Dynamic Configuration

# settings.py - Dynamic configuration
from datetime import datetime
import socket

class DynamicConfiguration:
    @staticmethod
    def generate_job_id(spider_name, environment='dev'):
        timestamp = datetime.now().strftime('%Y%m%d_%H%M%S')
        hostname = socket.gethostname()
        return f'{environment}_{spider_name}_{hostname}_{timestamp}'

    @staticmethod
    def get_database_url(environment='development'):
        db_configs = {
            'development': 'postgresql://dev:dev@localhost:5432/scrapy_dev',
            'staging': os.getenv('STAGING_DB_URL'),
            'production': os.getenv('PRODUCTION_DB_URL'),
        }
        return db_configs.get(environment)

    @staticmethod
    def get_performance_settings(environment='development'):
        settings_map = {
            'development': {
                'concurrent_requests': 8,
                'download_delay': 1,
                'batch_size': 100,
            },
            'staging': {
                'concurrent_requests': 16,
                'download_delay': 0.5,
                'batch_size': 500,
            },
            'production': {
                'concurrent_requests': 32,
                'download_delay': 0.1,
                'batch_size': 1000,
            }
        }
        return settings_map.get(environment, settings_map['development'])

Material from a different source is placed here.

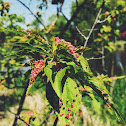 Maple bladder-gall mite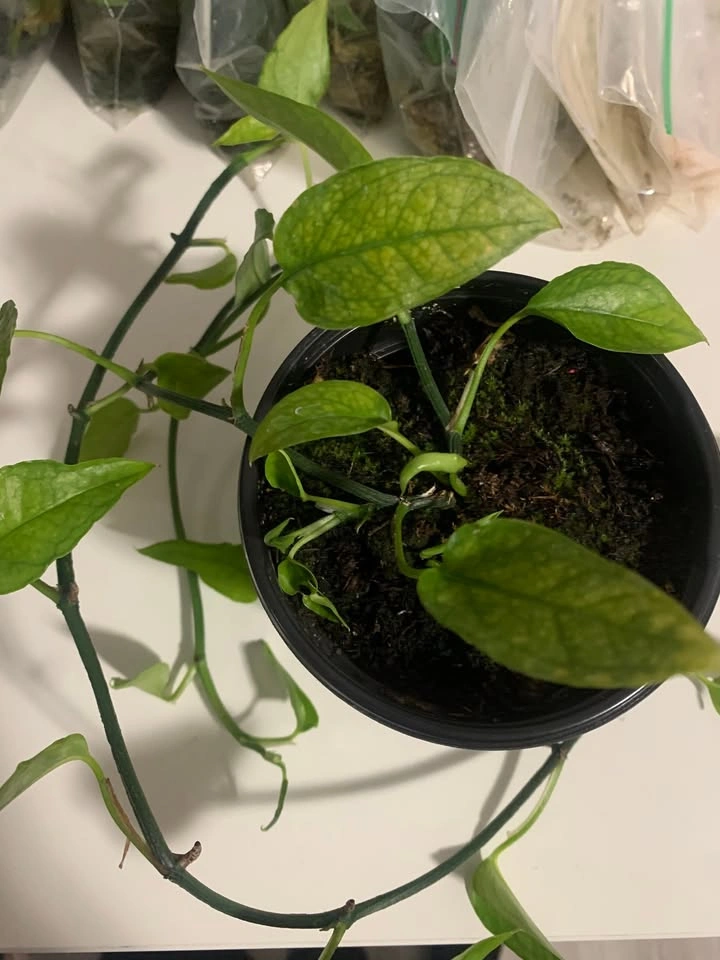 Epipremnum Skeleton Key (Cuttings) - photo 2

# Apply dynamic configuration
env = os.getenv('SCRAPY_ENV', 'development')
dynamic_config = DynamicConfiguration()

DB_URL = dynamic_config.get_database_url(env)
JOB_ID = dynamic_config.generate_job_id('products', env)

perf_settings = dynamic_config.get_performance_settings(env)
CONCURRENT_REQUESTS = perf_settings['concurrent_requests']
DOWNLOAD_DELAY = perf_settings['download_delay']

Configuration Testing

Unit Testing Configuration

import unittest
from scrapy_item_ingest.config import Settings, validate_settings

class TestConfiguration(unittest.TestCase):
    def test_valid_configuration(self):
        settings = Settings()
        settings.DB_URL = 'postgresql://test:test@localhost:5432/test_db'
        settings.CREATE_TABLES = True
        settings.JOB_ID = 'test_job'

        errors = settings.validate()
        self.assertEqual(len(errors), 0)

    def test_invalid_database_url(self):
        settings = Settings()
        settings.DB_URL = 'invalid://url'

        errors = settings.validate()
        self.assertGreater(len(errors), 0)
        self.assertTrue(any('database' in error.lower() for error in errors))

    def test_missing_required_settings(self):
        settings = Settings()
        # Don't set DB_URL

        errors = settings.validate()
        self.assertGreater(len(errors), 0)
        self.assertTrue(any('DB_URL' in error for error in errors))

Integration Testing

def test_configuration_integration():
    # Test with actual Scrapy settings
    from scrapy.settings import Settings as ScrapySettings

    scrapy_settings = ScrapySettings()
    scrapy_settings.set('DB_URL', 'postgresql://test:test@localhost:5432/test')
    scrapy_settings.set('CREATE_TABLES', True)

    # Validate with our validator
    errors = validate_settings(scrapy_settings)
    assert len(errors) == 0, f"Configuration errors: {errors}"